Sin arreglos superficiales, y vestida de manera discreta, Clara derrochaba inteligencia a través de unos ojos oscuros aún más resplandecientes que los diamantes y esmeraldas de las damas; su andar era más cadencioso que la música con la que el convite era amenizado, su cuello más largo y elegante que la suntuosidad de una concurrencia que, con el paso de las horas y las copas de vino espumoso, perdía cada vez más eso que llaman compostura. Justo así, en estado etílico burbujeante, departía en la fiesta en honor a su madre el hijo de los virreyes, una suerte de mirrey virreinal que, como los de hoy, no conocía los beneficios que la tolerancia a la frustración produce. El junior barroco, con esa misma actitud con la que hijos de ex presidentes aparecen en redes sociales disparando armas de grueso calibre, o golpean al personal de grupos musicales, o colideran sectas sexuales, intentó abordar varias veces a Clara quien, ante la insistencia del pirrurris barroco, decidió ir a casa y caer antes en los brazos de Morfeo que en los de Dionisio quien, sabía, es mal consejero.

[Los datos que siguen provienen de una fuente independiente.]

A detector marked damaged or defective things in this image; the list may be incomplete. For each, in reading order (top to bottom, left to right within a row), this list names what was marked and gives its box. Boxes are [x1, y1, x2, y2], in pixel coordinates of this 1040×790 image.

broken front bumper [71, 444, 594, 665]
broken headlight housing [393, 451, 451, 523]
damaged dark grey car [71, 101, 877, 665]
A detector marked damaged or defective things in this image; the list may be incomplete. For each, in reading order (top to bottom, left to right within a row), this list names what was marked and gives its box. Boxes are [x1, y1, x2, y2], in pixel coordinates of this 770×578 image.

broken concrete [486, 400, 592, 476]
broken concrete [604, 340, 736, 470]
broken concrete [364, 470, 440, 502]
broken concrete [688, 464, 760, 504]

Nada más llegó a su hogar, un palacete contiguo al convento de la Encarnación, Clara se dirigió al balcón donde, además de una campana lejana, escuchó las palabras con las que un joven, Gonzalo de Vieira, le hacía saber el amor que por ella sentía. A diferencia del mirrey novohispano, Gonzalo sí era correspondido por Clara, a quien, nada más de verlo, le brillaban los ojos con mayor destello que cualquier astro en el cielo, lo que le valió ser llamada por su amado con el nombre de Estrella. Esa noche ambos se dijeron secretos y confesiones, de esas que nada más los enamorados saben decir, hasta que unos pasos los alertaron y cada quien jaló en distintas direcciones.

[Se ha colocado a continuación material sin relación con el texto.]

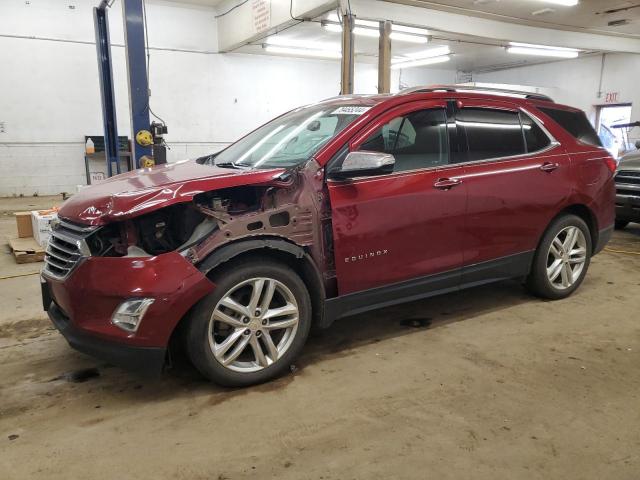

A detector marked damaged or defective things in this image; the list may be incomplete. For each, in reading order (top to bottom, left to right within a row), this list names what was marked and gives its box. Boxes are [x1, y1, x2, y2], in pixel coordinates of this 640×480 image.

crumpled hood [59, 158, 284, 224] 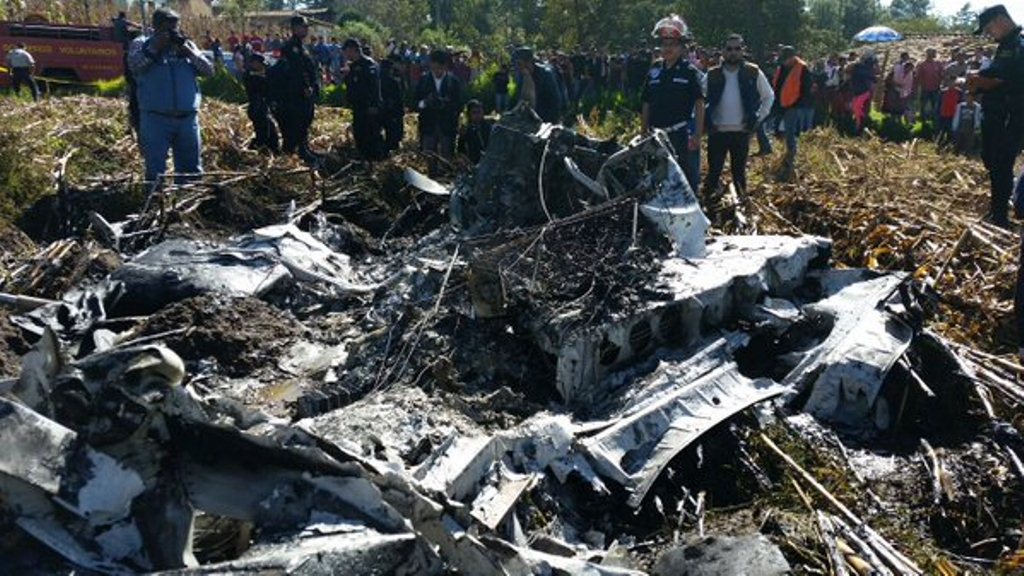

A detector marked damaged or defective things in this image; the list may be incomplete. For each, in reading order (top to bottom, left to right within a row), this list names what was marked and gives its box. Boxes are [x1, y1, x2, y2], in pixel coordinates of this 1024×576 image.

burned aircraft wreckage [0, 106, 999, 569] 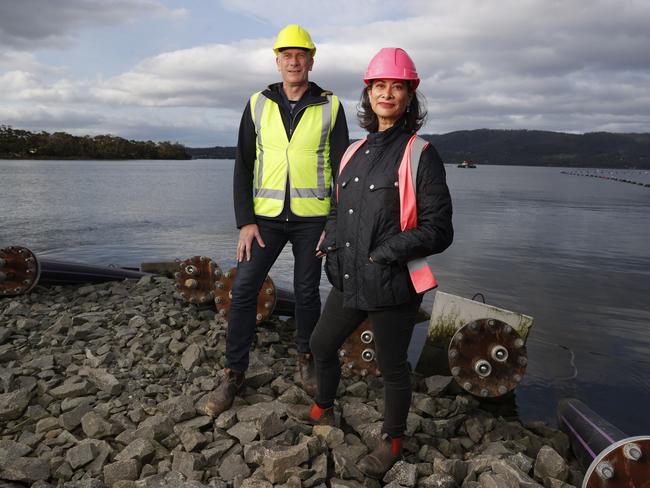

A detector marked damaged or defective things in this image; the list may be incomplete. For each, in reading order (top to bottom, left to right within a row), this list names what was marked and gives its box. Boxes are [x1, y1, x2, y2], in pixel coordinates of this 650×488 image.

rusty flange [0, 246, 40, 296]
rusty flange [173, 255, 219, 304]
rusty flange [213, 266, 274, 324]
rusty flange [340, 320, 380, 378]
rusty flange [446, 320, 528, 396]
rusty flange [584, 434, 648, 488]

Gonzalo se sintió perseguido y detuvo el paso para empuñar su espada y defenderse de quien caminaba detrás suyo; se trataba de un hombre que nada más de percatarse de haber sido descubierto lo retó a duelo. Ambos se dirigieron a la Plaza de Santo Domingo para batirse, uno de ellos cayó herido y el otro huyó. Al día siguiente, Clara y su madre recibieron una visita de lo más inesperada, se trataba del virrey, quien justificó su presencia al pedir la mano de Clara para su hijo, y la ausencia de éste a un “incidente de juerga”. La madre, feliz, preguntó a su hija sobre la decisión que tomaría, a lo que Clara contestó, a ella y al virrey, que le dieran tres días para pensar, lo que no significaba que quisiera considerarlo, finalmente esa era la costumbre y forma, pero sabía de antemano que rechazaría la oferta.

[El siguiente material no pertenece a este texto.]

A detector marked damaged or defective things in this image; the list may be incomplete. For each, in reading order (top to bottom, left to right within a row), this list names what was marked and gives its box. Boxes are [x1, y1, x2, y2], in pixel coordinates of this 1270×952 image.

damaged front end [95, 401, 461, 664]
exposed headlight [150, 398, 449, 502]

Salió el virrey de casa de Clara y tras él pasó un cortejo fúnebre; al preguntar quién era el difunto respondieron que un joven que se batió a duelo la noche anterior y cuyo nombre en vida había sido Gonzalo de Vieira. Clara, después de recuperarse de la impresión, le avisó a su madre que no sería consuegra de un virrey y que se recluiría en el convento contiguo a su casa, el de La Encarnación. A partir de entonces los ojos de Clara dejaron de brillar para siempre. Su madre supo que no cambiaría de decisión y tapeó las puertas de la casa, mandó a abrir un acceso al convento, y se resignó con que su hija pudiera, al mismo tiempo, recluirse y seguir viviendo en el lugar en el que había nacido, en el que su estrella se eclipsó y en el que finalmente, a diferencia de su amor, murió.